En ce premier jour du mois de mai, une chaleur moite s’était installée dans la salle où siégeaient les conseillers, ce qui n’arrangeait rien à leur exaspération. Ils étaient réunis autour d’une table qui occupait toute la longueur de la pièce. Au fond de la salle, un petit homme rondouillard s’époumonait. De fines gouttes de sueur coulaient le long de son visage rougi par l’effort et l’énervement.
Sitôt son intervention terminée, le petit homme se rassit avec empressement, comme soulagé de retrouver le dossier de sa chaise. Plusieurs membres de l’assemblée l’acclamèrent en signe d’adhésion. Satisfait de l’effet produit par ses paroles, le petit homme sortit un carré de tissu de sous son vêtement et s’épongea le front. Son voisin de droite se leva et s’exprima à son tour.
Un autre homme prit ensuite la parole. Son front était dégarni et il parlait d’une voix chevrotante.
Les échanges reprirent de plus belle. L’assemblée était partagée, ce qui n’avait rien d’étonnant. La renommée de la Confrérie des Mages avait dépassé les frontières de la contrée des Bocages Mauves, où était établi le village d’Eghenell. Chacun avait en tête les combats héroïques que l’on attribuait à cette organisation à travers tout le pays. Si certains voyaient en elle une aide salutaire, la majorité des conseillers ainsi que la plupart des habitants du village l’assimilaient à un sombre groupuscule contrôlé par les autorités du Royaume.
Sachairi constata une fois de plus à quel point les hommes pouvaient manquer de discernement. Ils étaient prêts à accorder tout leur crédit à ces récits glorieux qui s’apparentaient plus à des affabulations qu’à des faits réels. Il ne doutait pas de l’étendue des pouvoirs de la Confrérie, mais il ne supportait pas que l’on s’arrête au simple statut de celle-ci au lieu de se poser les bonnes questions. La Confrérie pourrait-elle répondre favorablement à la requête qu’il avait fait parvenir à ses membres ? Serait-elle capable de faire face aux difficultés que le village rencontrait ? Telles étaient les questions majeures qu’il avait en tête et à aucune reprise ces interrogations n’avaient effleuré l’esprit de ses hommes. Sachairi commençait sérieusement à douter que le Conseil eût saisi la gravité de la situation. Kester, le Premier Conseiller, perçut l’agacement de l’Administrateur et jugea utile d’intervenir. Il eut bien du mal à ramener l’ordre dans l’assemblée.
Sachairi salua en lui-même la sagesse du Premier Conseiller. Ses paroles étaient justes et toujours mesurées. Aujourd’hui encore, il avait réussi à ramener un tant soit peu de lucidité dans l’esprit de chacun. Le Conseil devait effectivement cesser de perdre son temps avec ces échanges stériles. Les événements qui avaient touché la paisible contrée des Bocages Mauves ces dernières semaines étaient de très mauvais augure.

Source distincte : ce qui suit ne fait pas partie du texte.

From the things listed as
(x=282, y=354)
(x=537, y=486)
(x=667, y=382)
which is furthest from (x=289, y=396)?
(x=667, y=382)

Les faits s’étaient d’abord produits près des frontières ouest de la contrée. On ne comptait plus les attaques sinistres, les pillages et les disparitions qui concernaient, la plupart du temps, de jeunes hommes. Certains villages avaient été entièrement détruits et témoignaient de la violence des assaillants. Les survivants de ces attaques n’avaient pas été en mesure de décrire avec précision leurs agresseurs. Les rares informations que le Conseil avait pu rassembler mettaient en scène des créatures à l’apparence inhumaine, dénuées de tout scrupule.
L’administrateur du village d’Eghenell prenait très au sérieux ces récits troublants et était en proie à une inquiétude latente. Il devait sans tarder trouver une solution pour mettre à l’abri l’ensemble de la population de la contrée. Pour cela, il avait envisagé tous les moyens à sa portée et avait jugé que la garde seule du village ne serait pas efficace. Il était fermement convaincu que ces actes n’avaient pas été causés par de simples malfaiteurs, encore moins par des créatures surnaturelles comme les survivants de ces agressions semblaient le croire.

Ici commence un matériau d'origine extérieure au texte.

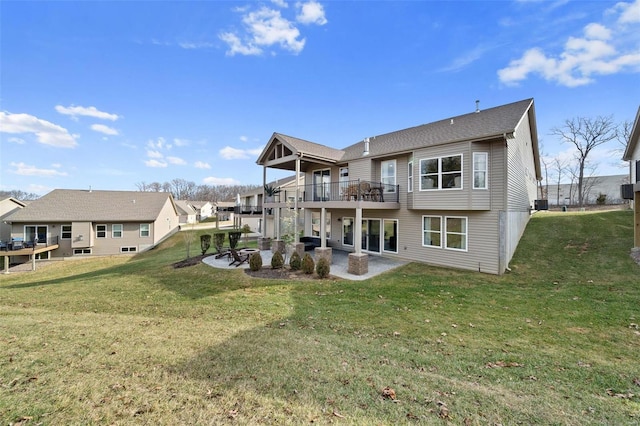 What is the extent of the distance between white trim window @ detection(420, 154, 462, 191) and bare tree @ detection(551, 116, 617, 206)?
29.6 metres

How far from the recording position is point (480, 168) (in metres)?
11.0

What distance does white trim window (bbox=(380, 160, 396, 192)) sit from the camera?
14.0 meters

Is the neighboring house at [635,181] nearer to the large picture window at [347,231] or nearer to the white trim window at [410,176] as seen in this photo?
the white trim window at [410,176]

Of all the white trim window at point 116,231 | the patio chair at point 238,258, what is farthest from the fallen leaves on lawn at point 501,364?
the white trim window at point 116,231

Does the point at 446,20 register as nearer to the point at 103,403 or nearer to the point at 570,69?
the point at 570,69

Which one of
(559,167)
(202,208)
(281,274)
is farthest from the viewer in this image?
(202,208)

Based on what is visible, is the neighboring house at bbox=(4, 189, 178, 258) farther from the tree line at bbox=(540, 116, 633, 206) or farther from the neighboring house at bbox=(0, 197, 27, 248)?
the tree line at bbox=(540, 116, 633, 206)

Selon sa théorie, ces méfaits avaient bien été commis par des humains mais usant de méthodes de combat inhabituelles. Les dégâts laissés par leurs attaques n’étaient pas sans rappeler les effets des forces occultes employées par certains combattants de l’armée royale. Ces combattants, que l’on appelait Mages, leur avaient donné du fil à retordre durant la dernière guerre, alors que les troupes du Royaume tentaient de s’imposer sur leurs terres. Ils avaient pour rôle de seconder les escadrons de soldats. Ils adaptaient le terrain de combat à leur avantage tout en entravant l’avancée des troupes adverses. Les Mages étaient de redoutables guerriers qu’il valait mieux avoir à ses côtés plutôt que dans les rangs ennemis. Sachairi comprenait parfaitement les craintes qu’éprouvaient les membres du Conseil car cette guerre avait laissé des traces inaltérables dans la mémoire de chacun.
La contrée des Bocages Mauves était située en un lieu reculé au-delà des frontières sud du royaume de Tanera. Cependant, l’administrateur du village d’Eghenell s’informait régulièrement de ce qui se déroulait dans tout le pays. Il avait entendu parler de la Confrérie dix ans auparavant. Quelques mois après la signature du traité qui avait mis fin au conflit opposant la Coalition des Trois Contrées au Royaume, plusieurs Mages avaient précipitamment quitté l’armée royale pour former un groupement indépendant.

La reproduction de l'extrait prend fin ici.